(Captioned web images)

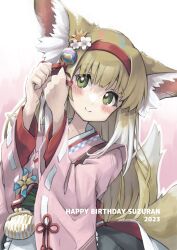 Rule 34 | 1girl, absurdres, animal ear fluff, animal ears, apron, arknights, blonde hair, blush, closed mouth, coin purse, colored tips, commentary request, flower, fox ears, fox girl, fox tail, frilled apron, frills, green eyes, hair flower, hair ornament, hairband, hands up, highres, japanese clothes, kimono, kitsune, kyuubi, long hair, long sleeves, multicolored hair, multiple tails, official alternate costume, pink kimono, pinwheel, red hairband, semi colon, smile, solo, suzuran (arknights), suzuran (yukibare) (arknights), tail, two-tone hair, upper body, waist apron, white hair, wide sleeves, yagasuri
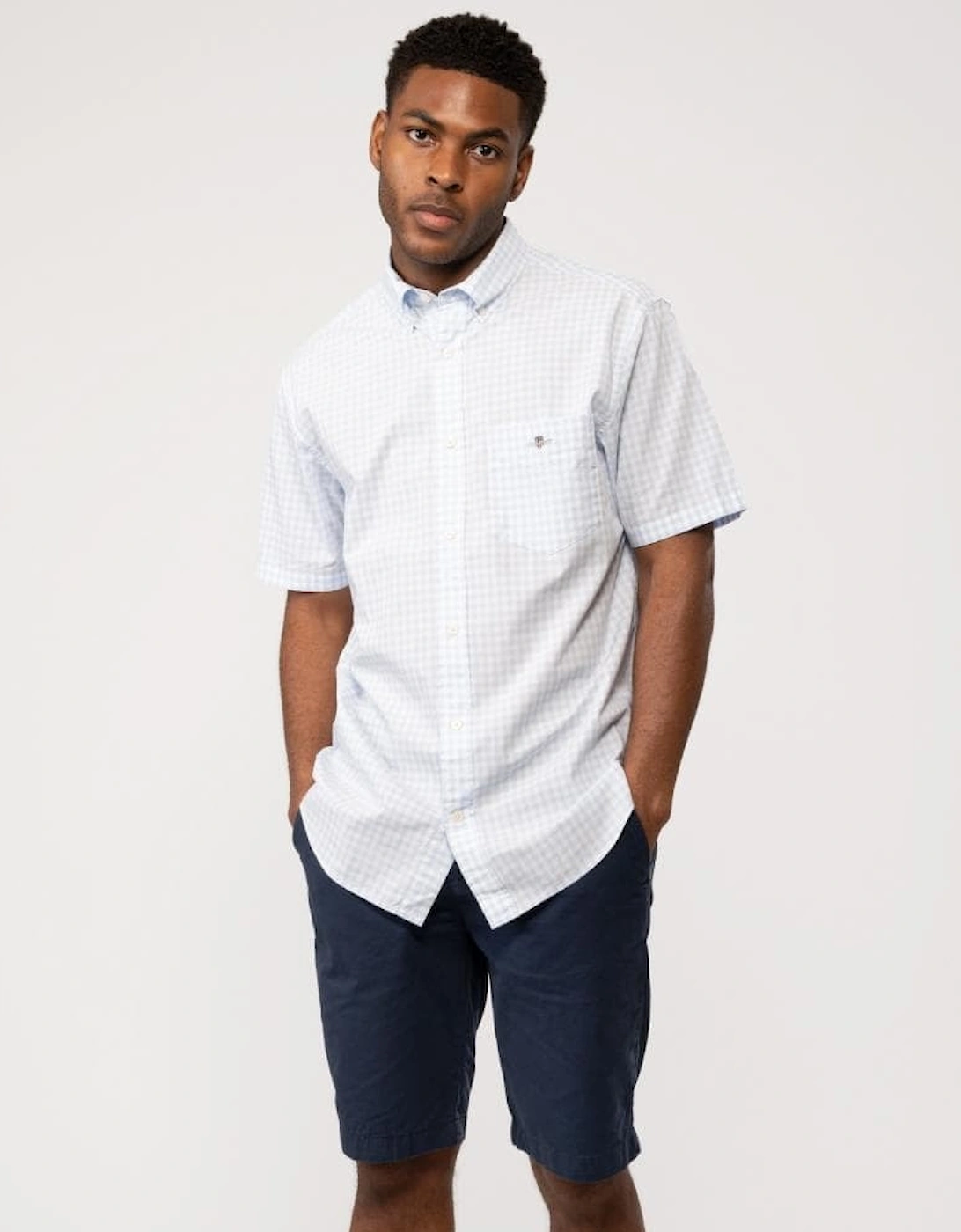Men's GANT Mens Regular Fit Short Sleeve Poplin Gingham Shirt - 455 Light Blue - White - Size: 38/Regular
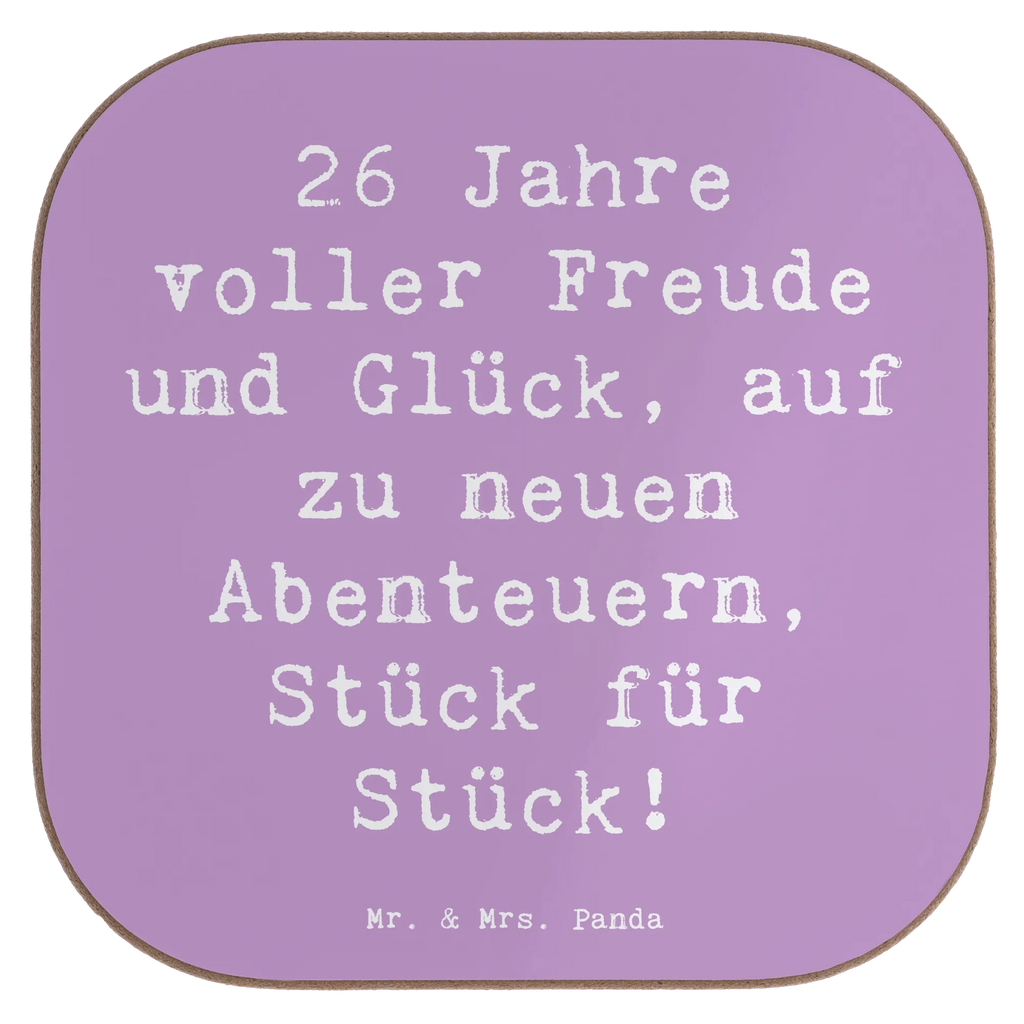 Square coaster Saying 26 Jahre voller Freude und Glück, auf zu neuen Abenteuern, Stück für Stück! Untersetzer, Untersetzer für Gläser, Holzuntersetzer, Tassen Untersetzer, Glasuntersetzer, Getränkeuntersetzer, Bierdeckel, Untersetzer Gläser, Untersetzer aus Holz, Untersetzer Design, Korkuntersetzer, Untersetzer Holz, Geburtstag, Geburtstagsgeschenk, Geschenk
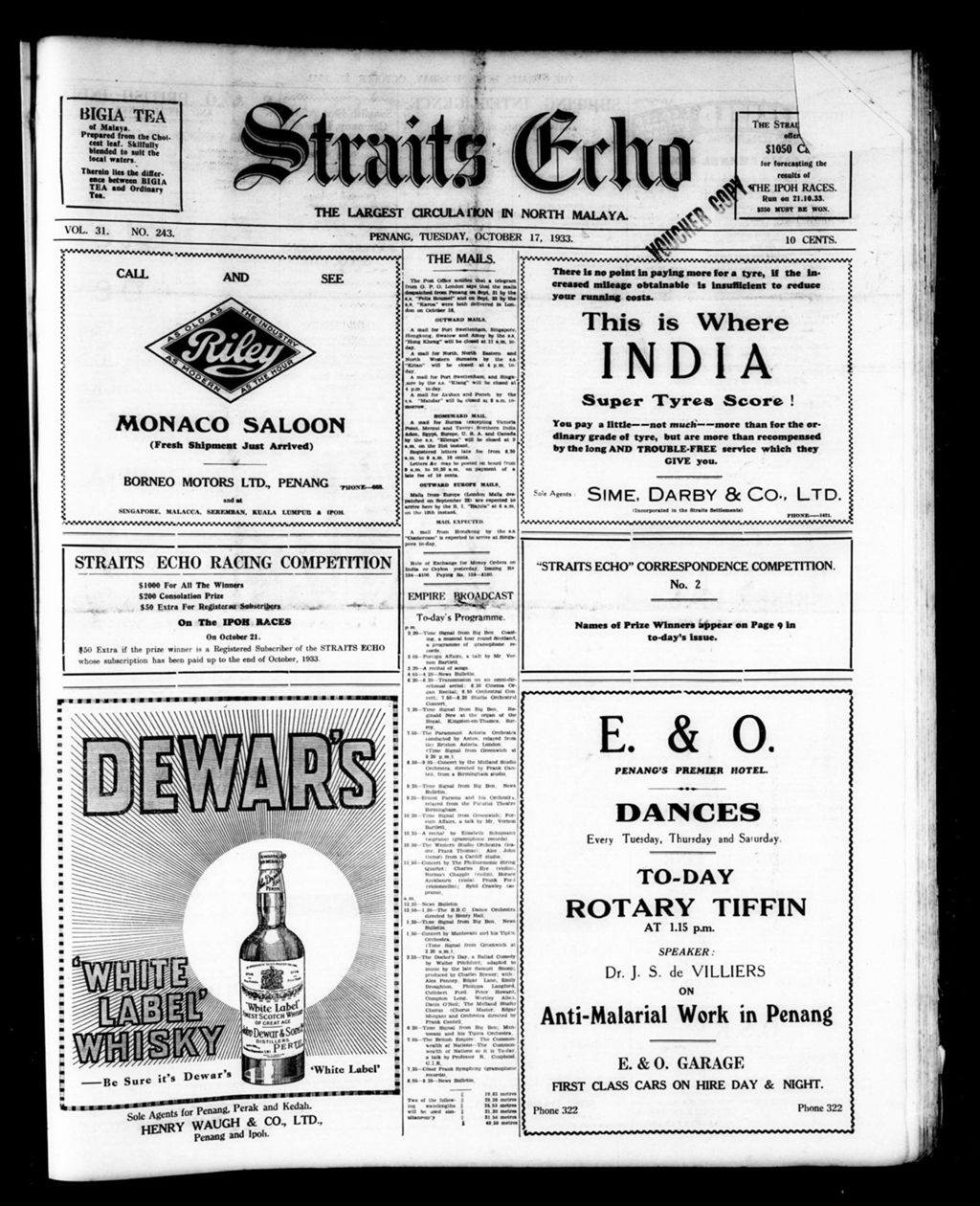 Miniature of Straits Echo 17 October 1933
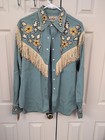Teal Fay Ward 1950s Men   s Western Suit Vintage Shirt 40 Pants 34 Inseam 31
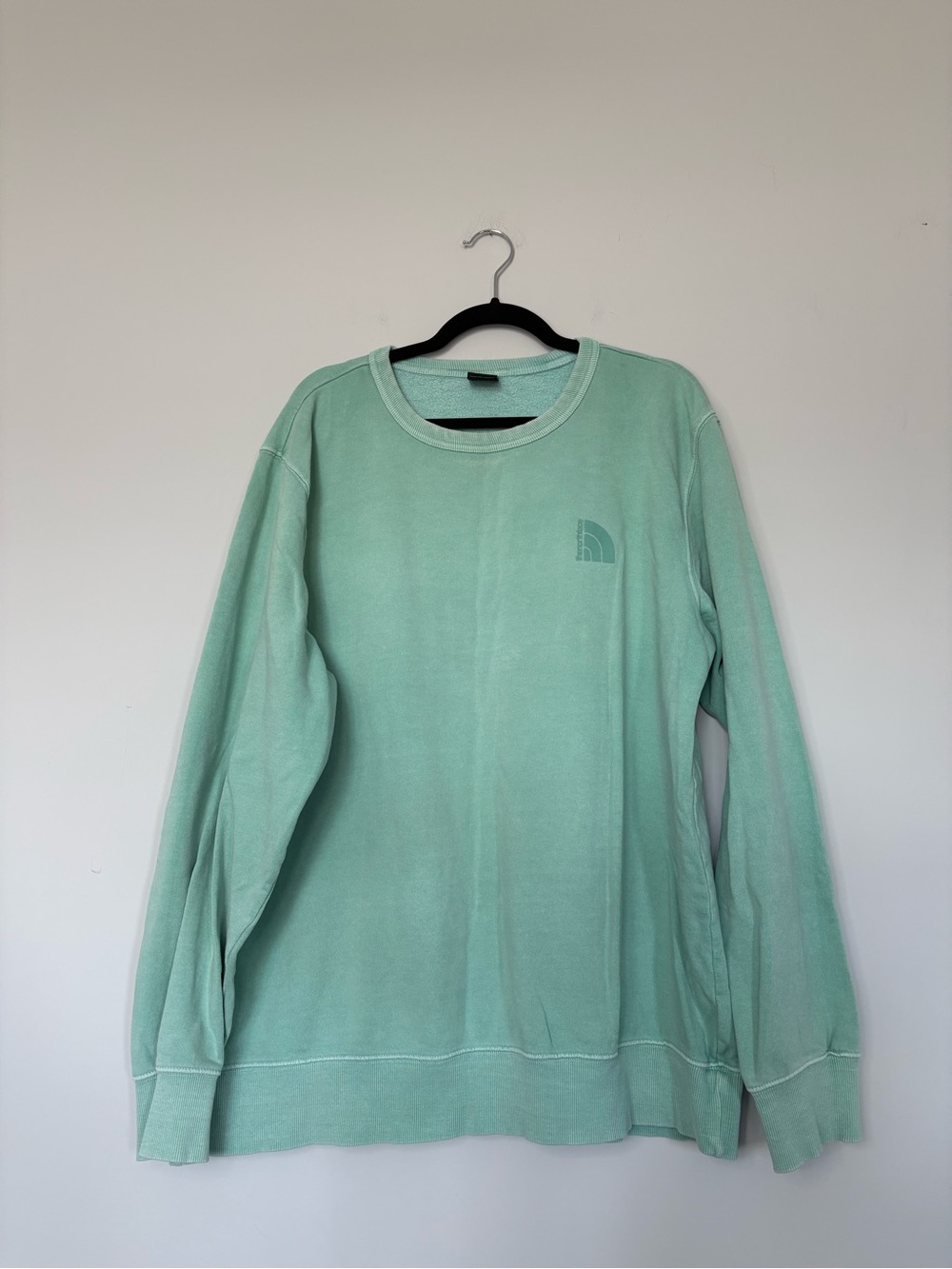 Flawed Mens North Face Crewneck Sweater Mint Green Size XL Pullover Sweatshirt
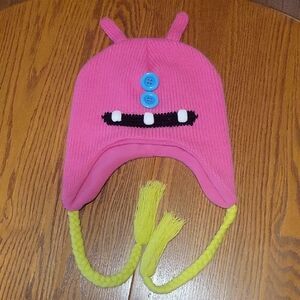 Pink Monster Knit Hat with Tassels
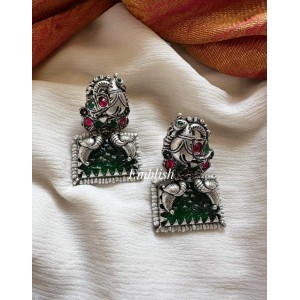 Silver Double Peacock Mosanite Stone Flower Carving Earring - Green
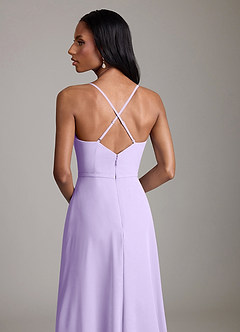 Azazie Naeem Bridesmaid Dresses Lilac A-Line V-Neck Ruffle Chiffon Dress image7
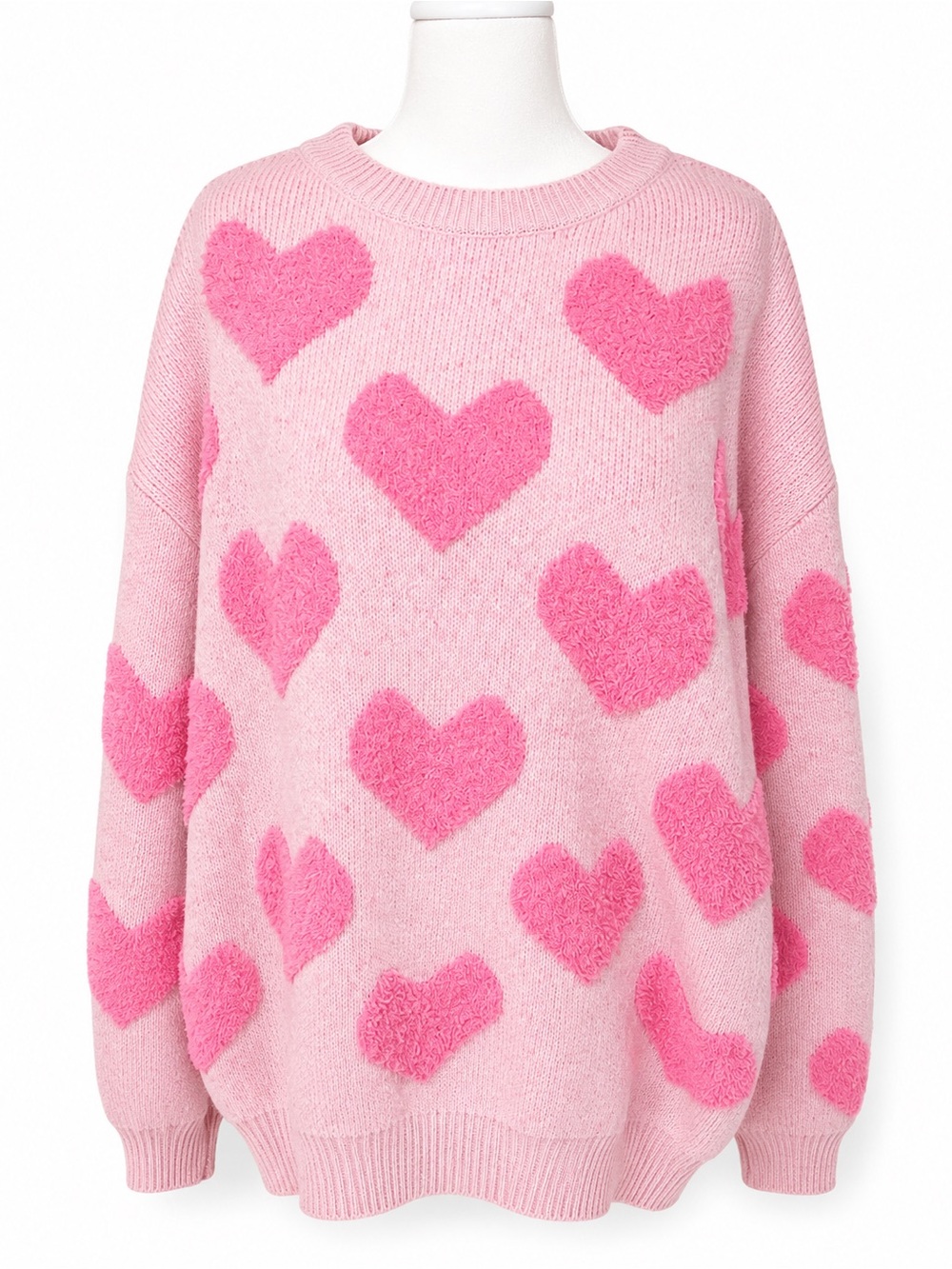 Judson & Co Pink Heart Pattern Crewneck Sweater - Women's Cozy Knit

EXERCISE PROMPT - Every line from the one containing "Teal Fay Ward" through the end of the records is to be returned exactly, and those lines alone; pictures are dropped.

ANSWER TO THE EXERCISE -
Teal Fay Ward 1950s Men   s Western Suit Vintage Shirt 40 Pants 34 Inseam 31
 Flawed Mens North Face Crewneck Sweater Mint Green Size XL Pullover Sweatshirt
 Pink Monster Knit Hat with Tassels
 Silver Double Peacock Mosanite Stone Flower Carving Earring - Green
 Azazie Naeem Bridesmaid Dresses Lilac A-Line V-Neck Ruffle Chiffon Dress image7
 Judson & Co Pink Heart Pattern Crewneck Sweater - Women's Cozy Knit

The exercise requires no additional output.